There are so many examples of exaggeration in the book that it would be impossible to address them all without writing a book of our own. Perhaps the most significant chapter centers on collaboration and shared goals. Chapter Eight is titled A Landscape with Fewer Free-Ranging Cats: Better for Cats, Better for Birds, Better for People. We at The HSUS are pleased that our long-held position is acknowledged clearly here. In fact, on the second page of this chapter, the authors state, “It is abundantly clear that free-ranging cats are not the primary threat to the future of birds and other wildlife.”
OK—so case closed? Can we agree we have common ground and actually work together on humane and effective solutions?
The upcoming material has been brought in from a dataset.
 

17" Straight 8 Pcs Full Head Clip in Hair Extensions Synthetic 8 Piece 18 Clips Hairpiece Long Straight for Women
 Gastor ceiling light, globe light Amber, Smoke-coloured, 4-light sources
Did the authors conclude that a “Cat War” is not needed? Unfortunately, no.
This chapter also discusses a bright spot in Portland, Oregon, a collaboration between the Audubon Society of Portland and Feral Cat Coalition of Oregon (huge shout-out to both of these organizations’ staff and volunteers who are doing the hard work and making positive change). However, Marra and Santella introduce this as an “unlikely partnership,” and the actual collaboration is described in less than a page. Then nothing more is said. No encouragement, no call for other groups to try this out, no praise for this being such a bright spot. Instead the “collaboration” chapter ends up focusing on owned cat issues such as cat licensing, mandatory spay/neuter, and cats indoors efforts.
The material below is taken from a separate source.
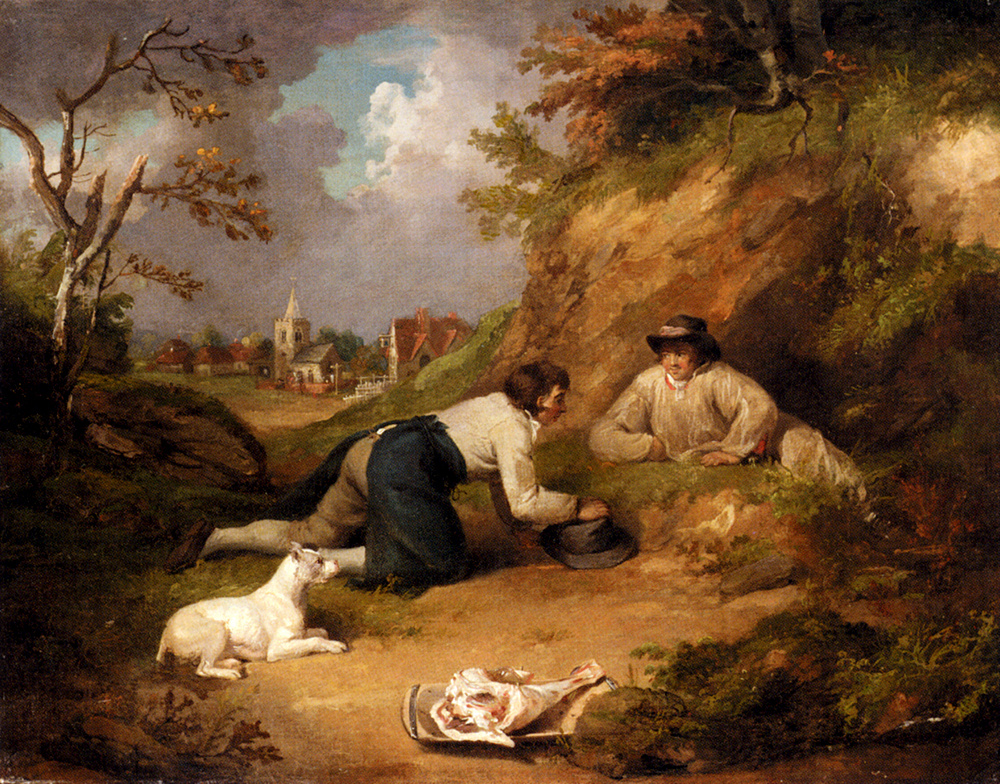 Джордж Морленд. Двое мужчин со своей собакой в деревне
The authors call out The HSUS for letting a “cats indoors” pledge expire on our website as though it signals some nefarious intent—when in fact this pledge was allowed to expire because it hadn’t gotten much attention and because The HSUS has been focused on proactive solutions for owned cats, like catios that allow indoor cats to get fresh air and outdoor enrichment. A quick look at many of our other cat pages would show that we’re just as clear as Marra and Santella that keeping owned cats indoors is critical. And it’s happening: The American Pet Products Association surveys show an increase in owned cats being kept indoors from approximately 20 percent in the 1970s to around 65 percent as of 2012.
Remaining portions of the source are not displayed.